La metafora di Bersani però un senso ce l’ha: l’ascesa dell’alt-right è una questione che ci riguarda in prima persona, non un fenomeno statunitense. L’ascesa di populisti, reazionari, nazionalisti, suprematisti, complottisti e sessisti è un fenomeno diffuso in tutto l’occidente. Le Pen in Francia, Salvini in Italia, Farage nel Regno Unito e così via.

Bersani poi ha spiegato la metafora su Facebook:

Il voto americano parla anche di noi. Nel mondo ripiega la globalizzazione. Si affacciano protezionismi e pensieri aggressivi verso le persone e le merci di fuori. Gli establishment interpretano la fase precedente, in via di superamento.
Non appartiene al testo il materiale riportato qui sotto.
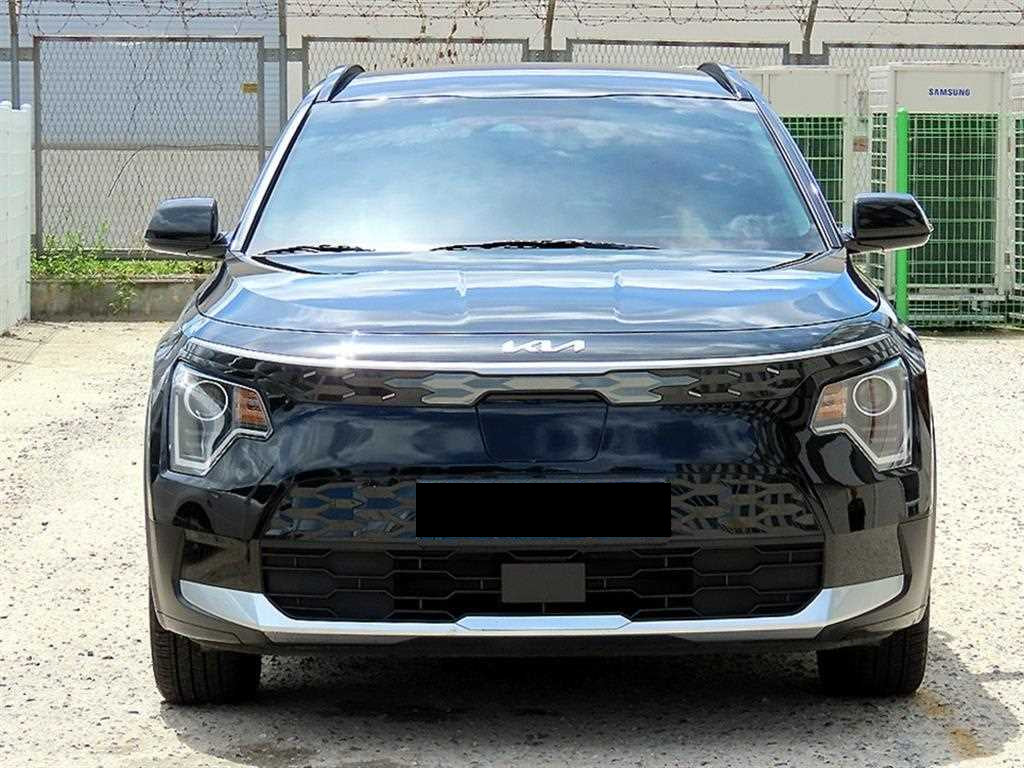 Kia Niro — photo 01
Ovunque, anche in Europa, c’è una nuova destra in formazione. Non è una destra liberista, è una destra della protezione. Se vogliamo impedire che vinca ovunque dobbiamo attrezzare una sinistra larga che abbandoni le retoriche blairiane delle opportunità, delle flessibilità, delle eccellenze e scelga la strada della protezione sulla base dei propri valori di uguaglianza. Mettendo tutti e due i piedi fuori dagli establishment e dentro le periferie sociali, rilanciando i diritti del lavoro e le battaglie di uguaglianza, difendendo i principi di base del welfare universalistico secondo i quali davanti a bisogni fondamentali non ci può essere né povero né ricco. Non c’è da perdere tempo. Per dirla in bersanese: la mucca nel corridoio sta bussando alla porta.

E questo è quello che c’è da dire in termini politici. Come nel caso di Brexit il buonsenso ha perso, la lungimiranza idem e il populismo di destra ha vinto, di nuovo, inaspettatamente.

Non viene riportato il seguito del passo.